The Miami-Dade County attorney has ruled that a petition by federal immigration authorities to keep a foreign national in detention longer than local officials require is not an order, but merely a request.
“This detainer, or ‘hold request’ is no more than a request from the Department of Homeland Security that a detainee be held for up to 48 hours,” wrote County Attorney Robert A. Cuevas, Jr. in a July 15 memo to Miami-Dade Mayor Carlos Gimenez. “It is my conclusion that compliance with ICE detainer requests is voluntary and not mandated by federal law or regulations.”
It’s the first time since immigration “detainers” or holds became controversial in South Florida in 2010 that county authorities have issued specific guidelines to corrections officials about such requests.
Until now, the county policy had been to comply with detainer requests without question. In some instances in the past, some prisoners have been held even after the 48-hour period of the detainer had expired.
For example, on the afternoon of July 31, 2010, as José Bernabe sat in his van awaiting his wife, two police officers outside his Florida City home arrested him for not having a driver's license.
Bernabe didn’t have a license because he was an undocumented immigrant from Mexico.
After his arrest, Bernabe was booked at a county jail and given bail.

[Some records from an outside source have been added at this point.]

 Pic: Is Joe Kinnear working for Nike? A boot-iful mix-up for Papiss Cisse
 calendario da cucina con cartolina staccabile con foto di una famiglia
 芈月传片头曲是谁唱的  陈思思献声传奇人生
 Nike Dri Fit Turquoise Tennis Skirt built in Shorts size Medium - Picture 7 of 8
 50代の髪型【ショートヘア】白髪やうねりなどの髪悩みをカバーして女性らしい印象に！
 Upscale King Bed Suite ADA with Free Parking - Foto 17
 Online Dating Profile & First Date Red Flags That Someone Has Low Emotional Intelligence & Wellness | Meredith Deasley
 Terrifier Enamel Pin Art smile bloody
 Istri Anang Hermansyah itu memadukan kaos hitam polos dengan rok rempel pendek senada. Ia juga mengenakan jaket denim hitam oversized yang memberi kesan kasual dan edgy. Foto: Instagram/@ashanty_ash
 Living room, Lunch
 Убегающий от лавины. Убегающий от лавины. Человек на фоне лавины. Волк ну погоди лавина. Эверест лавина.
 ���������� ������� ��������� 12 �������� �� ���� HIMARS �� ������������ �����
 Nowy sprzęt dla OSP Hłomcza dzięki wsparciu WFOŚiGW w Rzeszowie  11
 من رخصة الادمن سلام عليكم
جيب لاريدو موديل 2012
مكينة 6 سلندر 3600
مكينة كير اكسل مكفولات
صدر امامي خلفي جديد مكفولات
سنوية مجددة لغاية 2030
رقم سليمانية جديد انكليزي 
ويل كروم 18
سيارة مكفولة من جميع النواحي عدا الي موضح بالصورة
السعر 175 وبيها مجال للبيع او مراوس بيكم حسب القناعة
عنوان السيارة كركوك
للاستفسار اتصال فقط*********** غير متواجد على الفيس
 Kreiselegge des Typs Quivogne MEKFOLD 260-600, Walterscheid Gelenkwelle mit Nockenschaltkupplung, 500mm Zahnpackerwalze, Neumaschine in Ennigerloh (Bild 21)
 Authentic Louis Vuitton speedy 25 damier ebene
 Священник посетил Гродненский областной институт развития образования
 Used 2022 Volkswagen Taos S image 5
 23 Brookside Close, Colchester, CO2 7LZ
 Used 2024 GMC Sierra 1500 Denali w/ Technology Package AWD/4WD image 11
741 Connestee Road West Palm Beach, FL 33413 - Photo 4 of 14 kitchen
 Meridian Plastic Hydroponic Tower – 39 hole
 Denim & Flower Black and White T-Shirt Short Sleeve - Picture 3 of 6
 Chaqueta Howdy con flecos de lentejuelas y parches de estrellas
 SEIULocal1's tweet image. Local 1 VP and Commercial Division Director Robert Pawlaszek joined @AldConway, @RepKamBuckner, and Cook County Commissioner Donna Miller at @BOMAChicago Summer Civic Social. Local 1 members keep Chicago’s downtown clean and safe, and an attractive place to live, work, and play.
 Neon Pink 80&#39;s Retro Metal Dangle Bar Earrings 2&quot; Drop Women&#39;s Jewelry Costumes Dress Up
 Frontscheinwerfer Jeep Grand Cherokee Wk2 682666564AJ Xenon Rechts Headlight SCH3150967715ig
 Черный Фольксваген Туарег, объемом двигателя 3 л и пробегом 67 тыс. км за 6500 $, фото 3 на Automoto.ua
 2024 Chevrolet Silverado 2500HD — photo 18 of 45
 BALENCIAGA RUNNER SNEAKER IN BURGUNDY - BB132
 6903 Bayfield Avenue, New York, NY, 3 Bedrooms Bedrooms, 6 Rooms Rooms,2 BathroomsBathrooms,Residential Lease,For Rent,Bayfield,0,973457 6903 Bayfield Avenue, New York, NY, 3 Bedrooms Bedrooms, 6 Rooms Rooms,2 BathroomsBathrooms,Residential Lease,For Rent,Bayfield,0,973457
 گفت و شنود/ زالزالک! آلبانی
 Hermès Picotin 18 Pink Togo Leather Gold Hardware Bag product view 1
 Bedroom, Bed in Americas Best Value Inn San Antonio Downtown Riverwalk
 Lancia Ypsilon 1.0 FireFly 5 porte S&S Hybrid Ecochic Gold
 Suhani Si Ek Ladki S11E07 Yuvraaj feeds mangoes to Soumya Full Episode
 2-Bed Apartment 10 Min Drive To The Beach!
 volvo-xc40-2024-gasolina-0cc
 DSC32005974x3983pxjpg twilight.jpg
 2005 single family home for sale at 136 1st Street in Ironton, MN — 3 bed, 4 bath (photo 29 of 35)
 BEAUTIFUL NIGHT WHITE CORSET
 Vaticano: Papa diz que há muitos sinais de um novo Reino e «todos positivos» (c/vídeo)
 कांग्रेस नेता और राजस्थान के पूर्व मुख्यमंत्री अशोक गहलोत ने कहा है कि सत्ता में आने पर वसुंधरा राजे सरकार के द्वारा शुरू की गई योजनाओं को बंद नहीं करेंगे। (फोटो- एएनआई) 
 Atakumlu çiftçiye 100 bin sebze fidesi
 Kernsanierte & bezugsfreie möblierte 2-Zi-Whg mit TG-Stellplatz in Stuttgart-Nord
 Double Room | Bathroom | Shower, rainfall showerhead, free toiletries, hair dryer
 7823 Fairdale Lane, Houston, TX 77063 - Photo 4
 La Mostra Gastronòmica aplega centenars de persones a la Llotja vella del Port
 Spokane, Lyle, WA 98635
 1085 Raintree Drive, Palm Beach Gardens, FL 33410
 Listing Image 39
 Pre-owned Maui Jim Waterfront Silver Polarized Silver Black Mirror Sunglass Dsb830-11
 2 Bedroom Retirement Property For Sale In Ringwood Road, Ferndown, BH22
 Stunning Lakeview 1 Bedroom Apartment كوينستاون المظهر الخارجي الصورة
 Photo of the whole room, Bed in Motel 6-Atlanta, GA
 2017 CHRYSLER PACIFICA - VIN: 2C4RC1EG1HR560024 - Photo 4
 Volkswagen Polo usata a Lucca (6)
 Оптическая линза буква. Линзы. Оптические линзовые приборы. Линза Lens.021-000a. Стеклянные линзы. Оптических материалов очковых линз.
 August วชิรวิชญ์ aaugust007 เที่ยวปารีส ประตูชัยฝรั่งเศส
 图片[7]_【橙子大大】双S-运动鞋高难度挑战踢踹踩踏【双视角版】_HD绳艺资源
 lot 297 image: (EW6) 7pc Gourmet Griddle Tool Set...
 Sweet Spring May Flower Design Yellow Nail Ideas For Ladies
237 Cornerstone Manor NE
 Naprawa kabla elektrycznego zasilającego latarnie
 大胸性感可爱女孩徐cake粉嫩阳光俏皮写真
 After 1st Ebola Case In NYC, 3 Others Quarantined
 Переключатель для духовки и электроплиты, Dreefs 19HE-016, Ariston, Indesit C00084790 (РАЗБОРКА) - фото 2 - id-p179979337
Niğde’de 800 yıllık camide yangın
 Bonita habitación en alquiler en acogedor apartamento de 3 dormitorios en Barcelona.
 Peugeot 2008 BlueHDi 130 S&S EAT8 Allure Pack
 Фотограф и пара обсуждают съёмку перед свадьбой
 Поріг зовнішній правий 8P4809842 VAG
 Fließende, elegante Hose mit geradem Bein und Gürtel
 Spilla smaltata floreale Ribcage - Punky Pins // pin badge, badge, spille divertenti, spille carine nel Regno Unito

His family paid it, but Bernabe was not released because immigration authorities had lodged a detainer, or hold, against him when they learned of his illegal status.
Eventually, Bernabe was released after his attorney sued Miami-Dade County, and ultimately avoided deportation.
Activists that defend the rights of undocumented immigrants cheered the County Attorney’s opinion.
“We applaud the Miami-Dade County Attorney, who rightly concluded that compliance with ICE requests to hold such immigrants is ‘voluntary and not mandated by federal law or regulation,’ ” said a statement from Americans for Immigrant Justice, a Miami group. “We strongly recommend that Miami-Dade County follow the lead of numerous states and local governments and not honor ICE detainer requests unless an immigrant has been convicted of a serious crime.”
Bernabe’s attorney, John de Leon, also welcomed Cuevas’ action.
“This is an important finding by the county attorney and should have implications throughout Florida and the United States,” de Leon said. “It provides jails throughout the country with additional precedent to change their practices of blindly and unlawfully detaining people who should not be held, essentially without bond.”
The county attorney’s ruling came as part of a broader effort by Gimenez, the county mayor, to explore the detainer issue and whether Miami-Dade was being properly reimbursed for detainer requests.
Gimenez, in a June 20 memo to County Commissioner Sally Heyman, said immigration officials had failed to reimburse the county for some expenses connected to detainers.
“During the 2012 calendar year, monthly invoices were submitted to Immigration and Customs Enforcement (ICE) reflecting costs associated with housing inmates whose local charges had been satisfied and continued to be held pending ICE taking custody,” Gimenez wrote. “The Department billed ICE a total of $347,853 for 1,683 inmates who accumulated 4,221 days in our custody at the federal rate of $82.41.”